9 His disciples asked him what this parable meant. 10 He said, “The knowledge of the secrets of the kingdom of God has been given to you, but to others I speak in parables, so that,
“‘though seeing, they may not see;
though hearing, they may not understand.’
11 “This is the meaning of the parable: The seed is the word of God. 12 Those along the path are the ones who hear, and then the devil comes and takes away the word from their hearts, so that they may not believe and be saved. 13 Those on the rocky ground are the ones who receive the word with joy when they hear it, but they have no root. They believe for a while, but in the time of testing they fall away. 14 The seed that fell among thorns stands for those who hear, but as they go on their way they are choked by life’s worries, riches and pleasures, and they do not mature. 15 But the seed on good soil stands for those with a noble and good heart, who hear the word, retain it, and by persevering produce a crop.

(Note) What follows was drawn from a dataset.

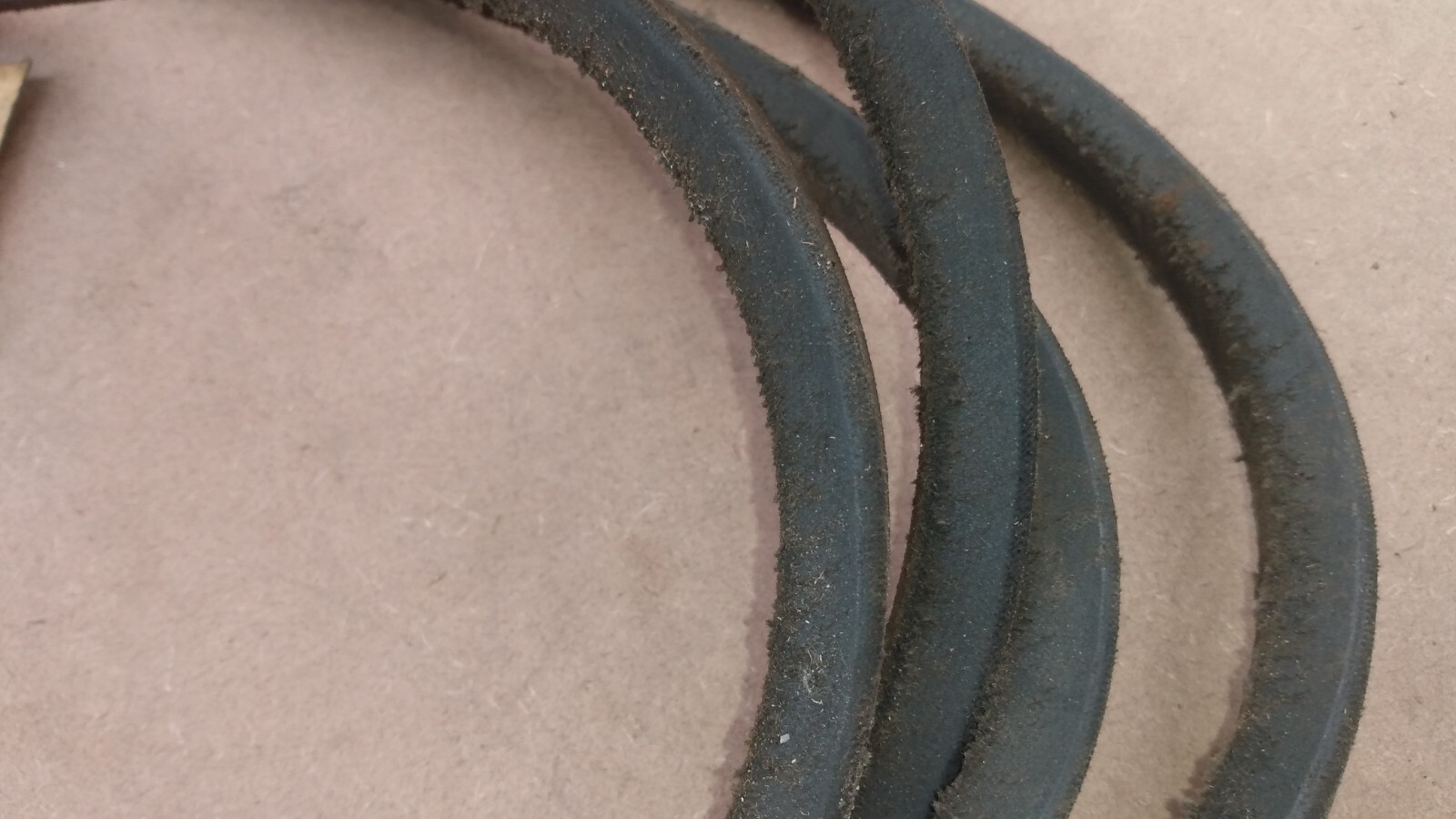 unbranded 3v900 v belt - used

Today's passage presents some challenges to the modern day reader. There appears to be a contradiction when Jesus says, "whoever has ears let them hear", and "the knowledge of the secrets of the Kingdom of God has been given to you, but to others I speak in parables so though seeing, they may not see; though hearing, they may not understand." Then, he gives the unfair advantage to the disciples by explaining the parable in a manner they could see and understand.
If Jesus wants people to come to a knowledge of God (1 Timothy 2:4), why does he speak in parables so they may not see and understand? Are the disciples more important to God and Jesus than the crowds? Does God pick and choose arbitrarily who will come to faith? If only God can open the eyes for someone to believe, then what role do we have in the process? Does he even need us?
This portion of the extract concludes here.